** Problem to solve **
Each record below must come back exactly as written; its pictures must not.

***** Extracted information *****

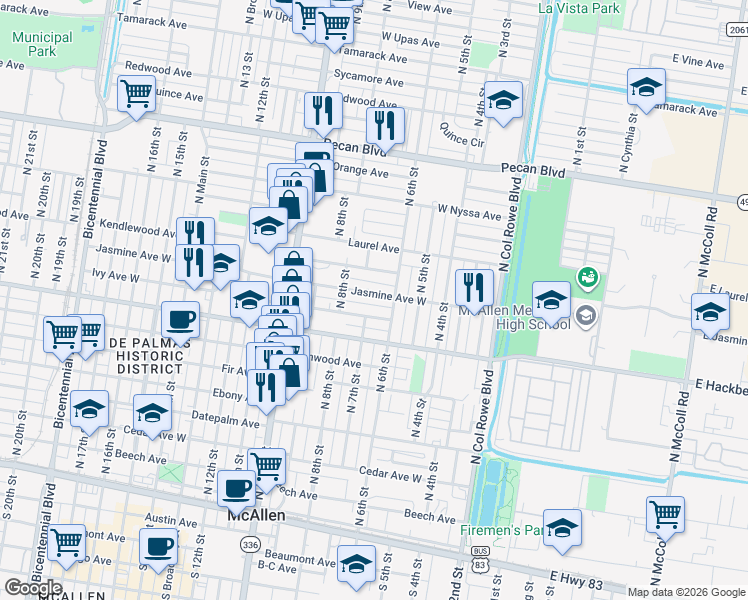 map of restaurants, bars, coffee shops, grocery stores, and more near 600 Ivy Avenue in McAllen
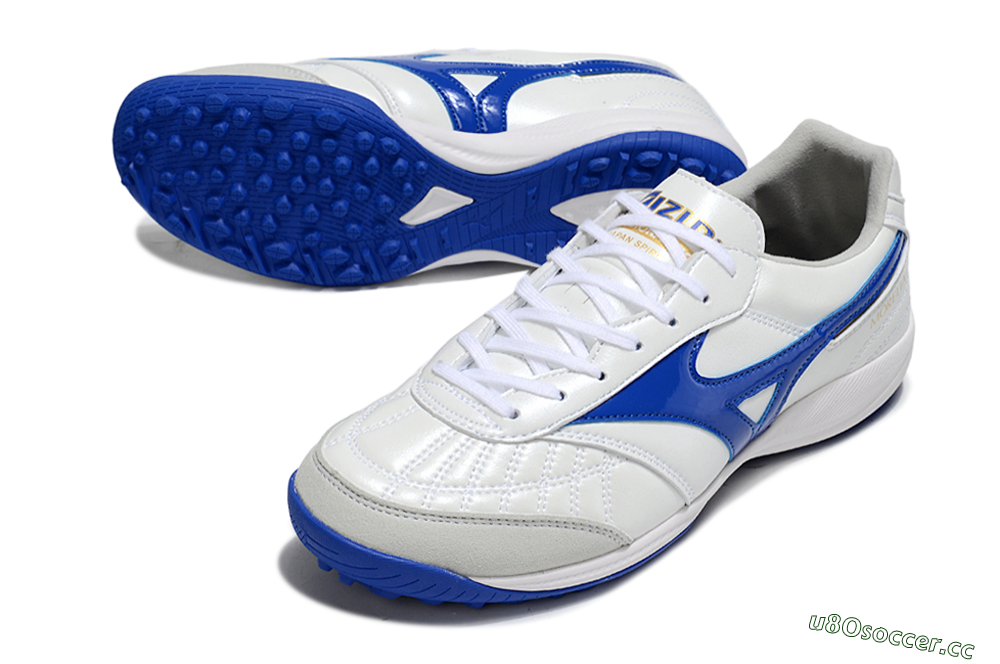 Men's Mizuno Morelia Neo TF Artificial Turf Low-Tops Football Shoes - White/Blue/Grey 3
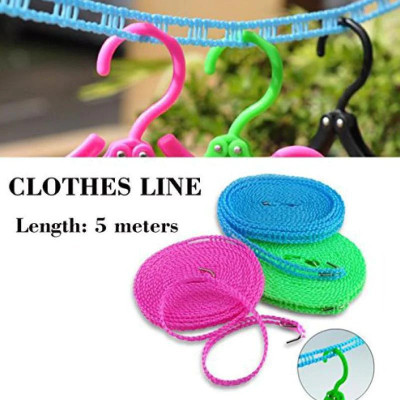 Smartonline clothesline drying nylon rope with hooks.windproof clothesline.5mtr (Pack OF 1) Plastic Clothesline(5 m)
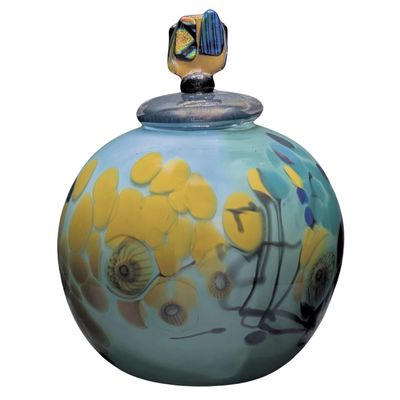 JON OAKES - DICHROIC BLUE LIDDED VESSEL - GLASS - 6 X 8 X 6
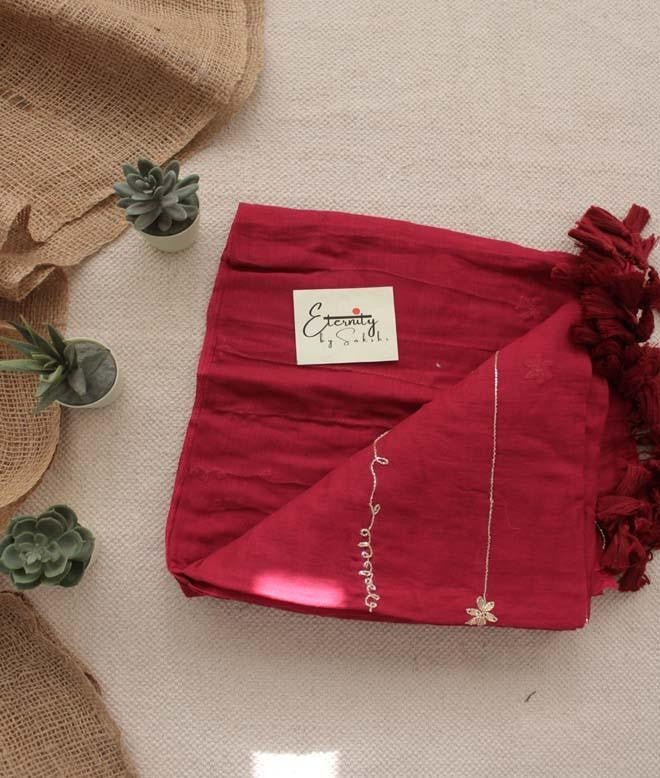 Maroon Noor Saree + Maroon Brocade Elastic Noorie Blouse Combo - Eternity by Sakshi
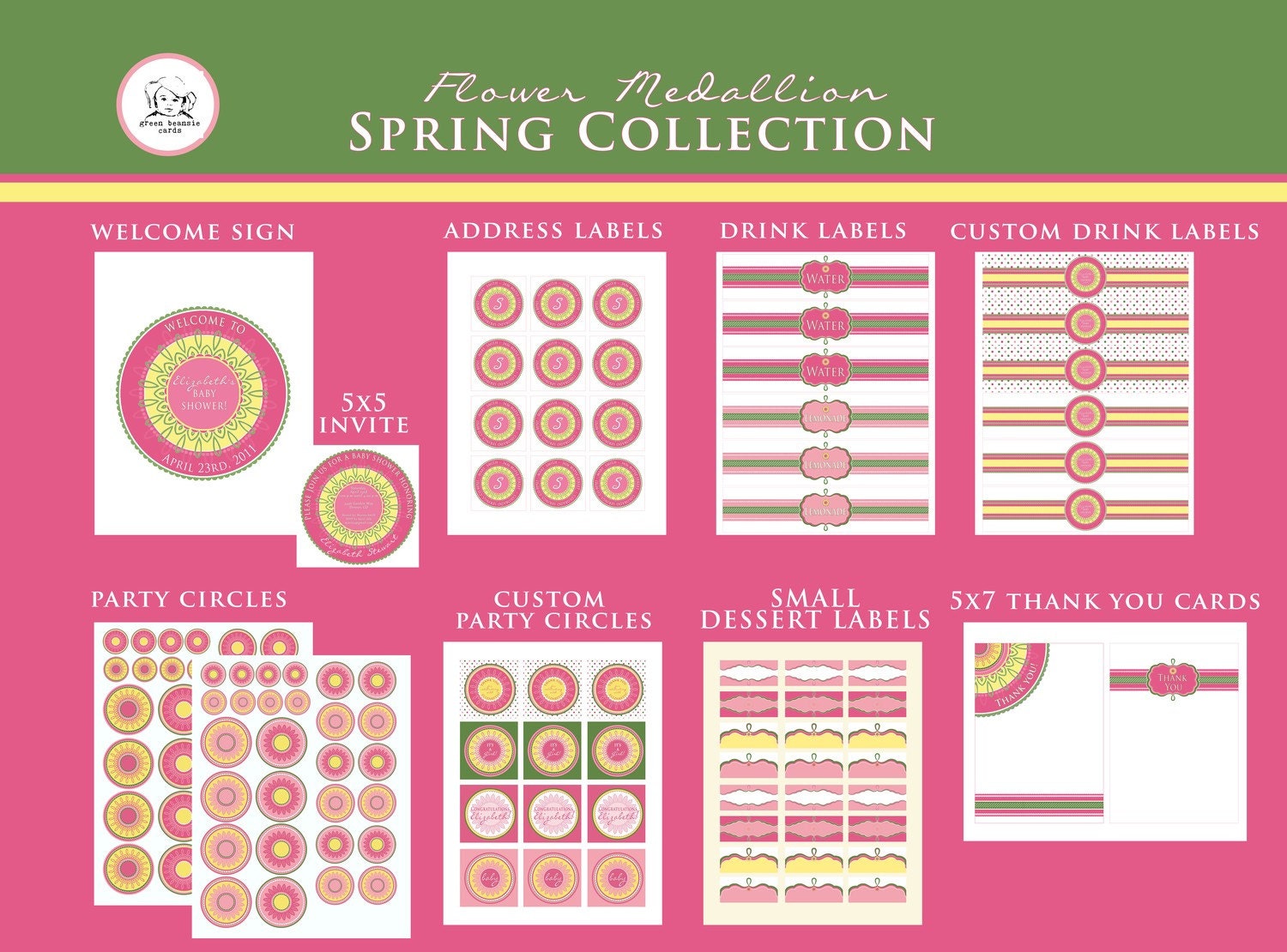 FLOWER MEDALLION Printable Party Decor Package and Square Invitation - Pink, Yellow, and Green Il_570xn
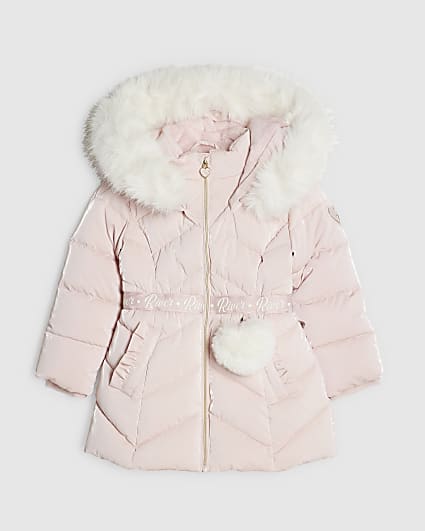 Mini Girls Pink Padded High Shine Coat
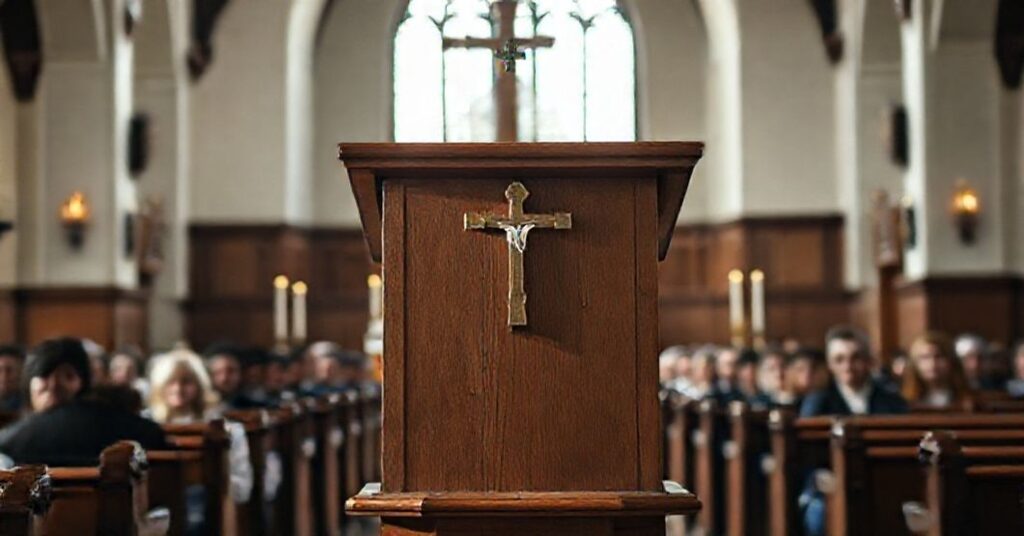 Sobór katolicki z pustym ambonem i zaniepokojonymi wiernymi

*****

** Response area **
 map of restaurants, bars, coffee shops, grocery stores, and more near 600 Ivy Avenue in McAllen
 Men's Mizuno Morelia Neo TF Artificial Turf Low-Tops Football Shoes - White/Blue/Grey 3
 Smartonline clothesline drying nylon rope with hooks.windproof clothesline.5mtr (Pack OF 1) Plastic Clothesline(5 m)
 JON OAKES - DICHROIC BLUE LIDDED VESSEL - GLASS - 6 X 8 X 6
 Maroon Noor Saree + Maroon Brocade Elastic Noorie Blouse Combo - Eternity by Sakshi
 FLOWER MEDALLION Printable Party Decor Package and Square Invitation - Pink, Yellow, and Green Il_570xn
 Mini Girls Pink Padded High Shine Coat
 Sobór katolicki z pustym ambonem i zaniepokojonymi wiernymi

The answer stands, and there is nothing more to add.